Pictures stay out of the copy, and everything else in the data below is repeated exactly.

# GIVEN RECORDS
*****

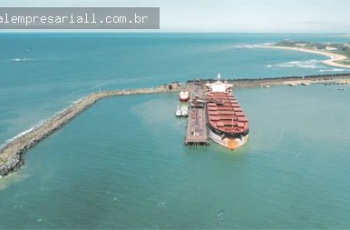 Executivos de Rotterdam visitam Porto de Ubu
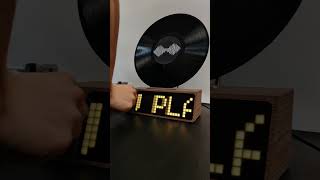 Complete your audio setup with the PETRU visualizer 🎶✨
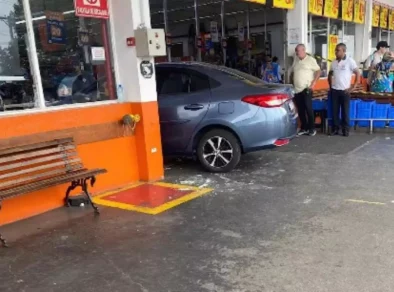 Idoso que invadiu supermercado com carro terá que arcar com despesas de reforma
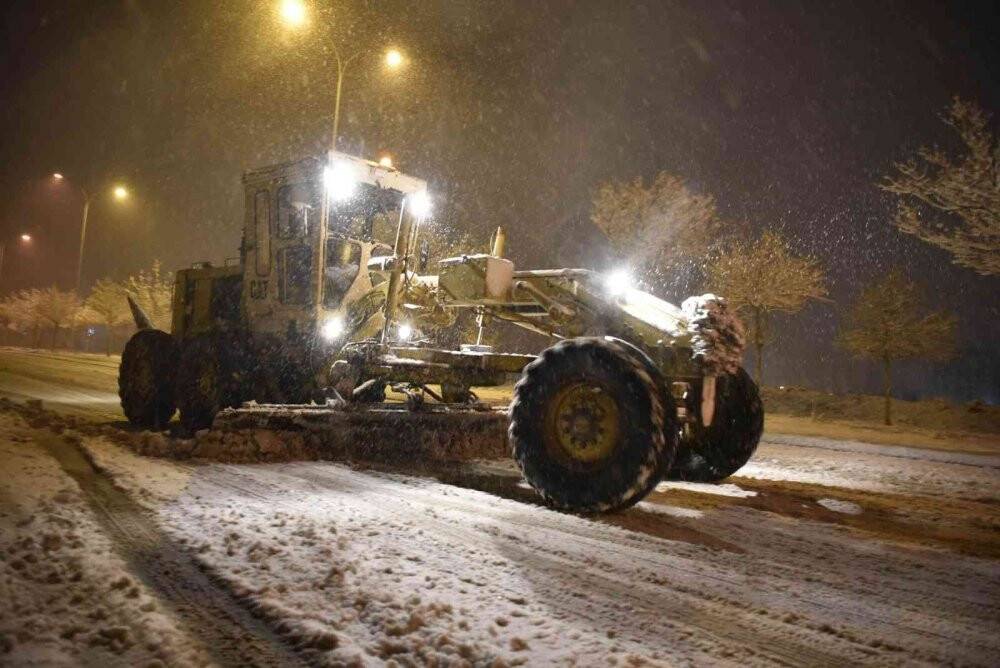 Selçuklu’da karla mücadele sürüyor
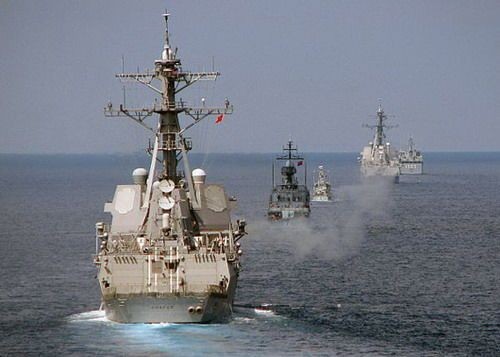 Hải quân Mỹ và Malaysia trong một cuộc diễn tập quân sự trên Biển Đông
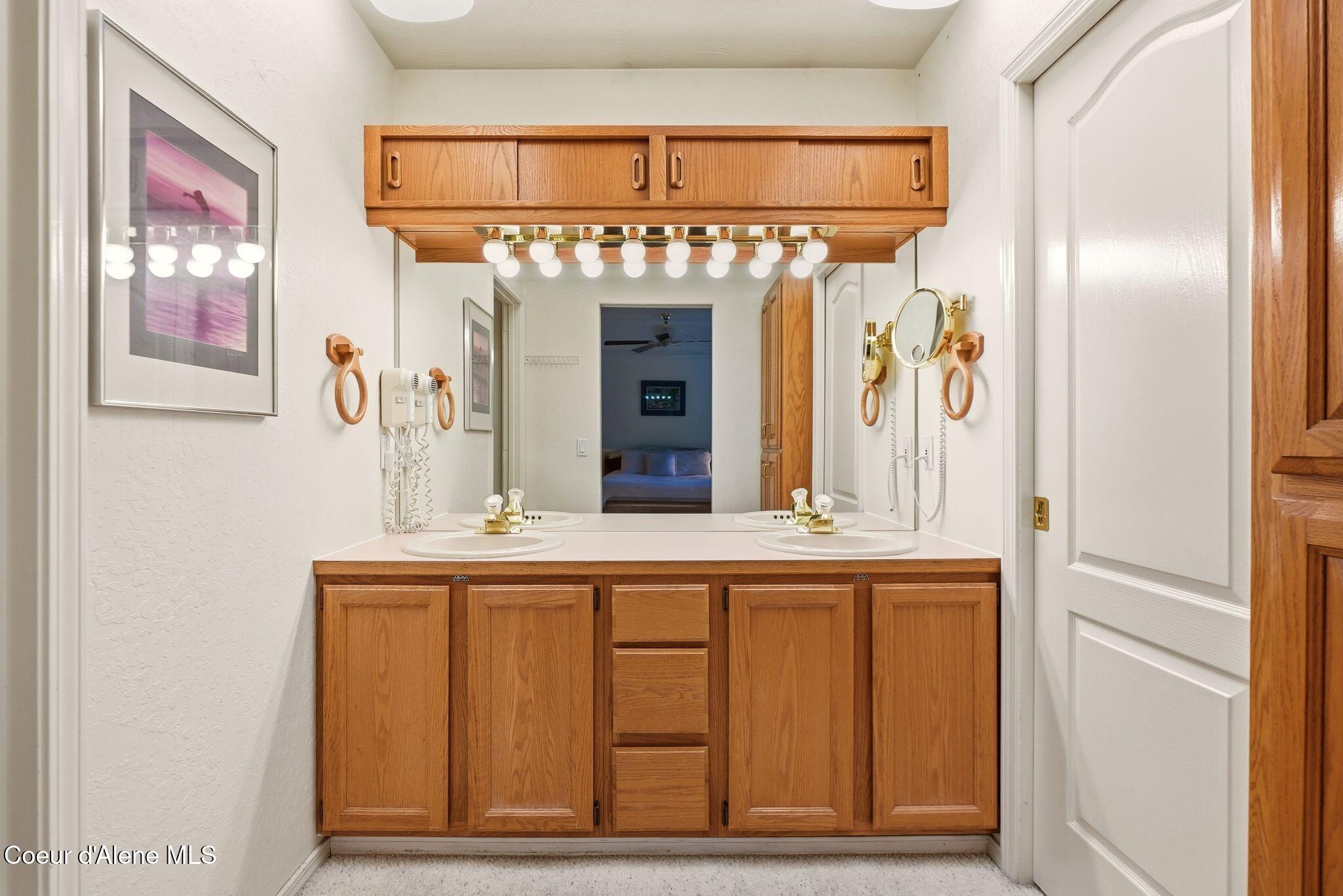 8795 W Driftwood Dr, Coeur d'Alene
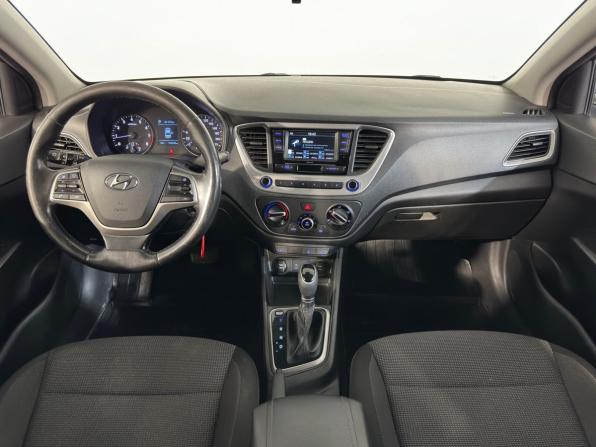 Hyundai Solaris II с пробегом 2018 года, цена 1 190 000 рублей, 159600 км, седан, Автокод Объявления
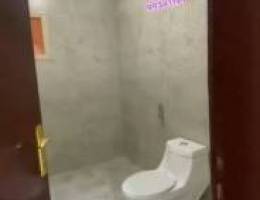  للايجار شقه ارضيه مع حوش  في المنقف 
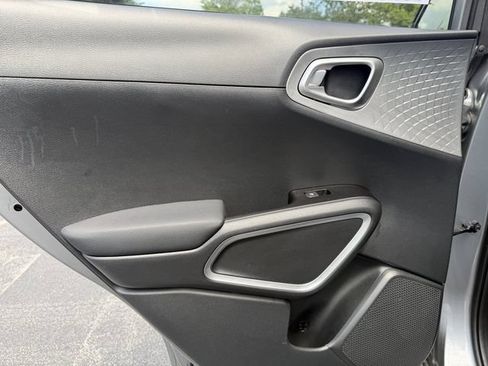 Used 2025 Kia Soul LX w/ LX Technology Package FWD image 25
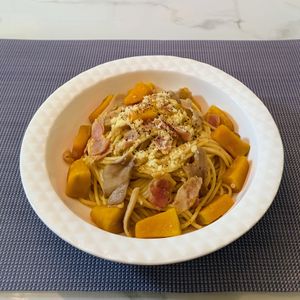 𝔂𝓾𝓶𝓲🍓の作ってみた!投稿(カボチャとキノコで作る！うまみあふれる秋パスタ)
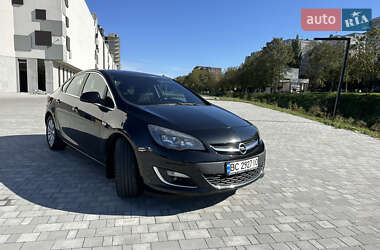 Седан Opel Astra 2012 в 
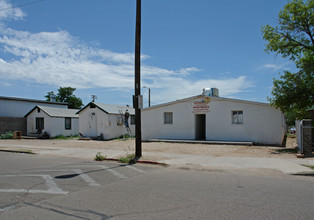 Borden Court in Tucson, AZ - Foto de edificio - Building Photo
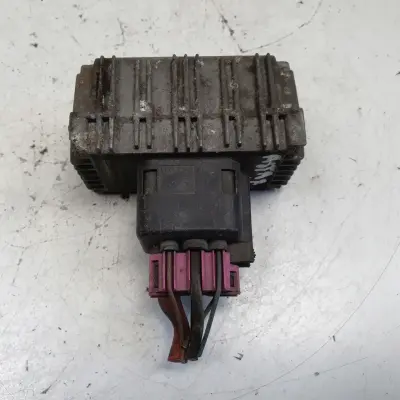 Astra H PRZEKAŹNIK ŚWIEC ŻAROWYCH 55354141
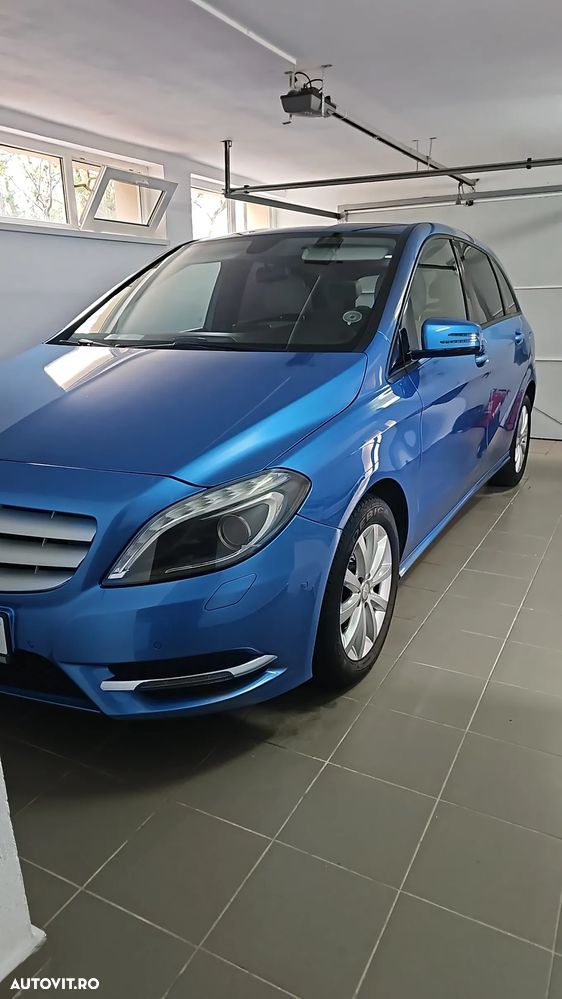 Mercedes-Benz B - 15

*****

# SOLUTION TO THE PROBLEM
 Executivos de Rotterdam visitam Porto de Ubu
 Complete your audio setup with the PETRU visualizer 🎶✨
 Idoso que invadiu supermercado com carro terá que arcar com despesas de reforma
 Selçuklu’da karla mücadele sürüyor
 Hải quân Mỹ và Malaysia trong một cuộc diễn tập quân sự trên Biển Đông
 8795 W Driftwood Dr, Coeur d'Alene
 Hyundai Solaris II с пробегом 2018 года, цена 1 190 000 рублей, 159600 км, седан, Автокод Объявления
  للايجار شقه ارضيه مع حوش  في المنقف 
 Used 2025 Kia Soul LX w/ LX Technology Package FWD image 25
 𝔂𝓾𝓶𝓲🍓の作ってみた!投稿(カボチャとキノコで作る！うまみあふれる秋パスタ)
 Седан Opel Astra 2012 в 
 Borden Court in Tucson, AZ - Foto de edificio - Building Photo
 Astra H PRZEKAŹNIK ŚWIEC ŻAROWYCH 55354141
 Mercedes-Benz B - 15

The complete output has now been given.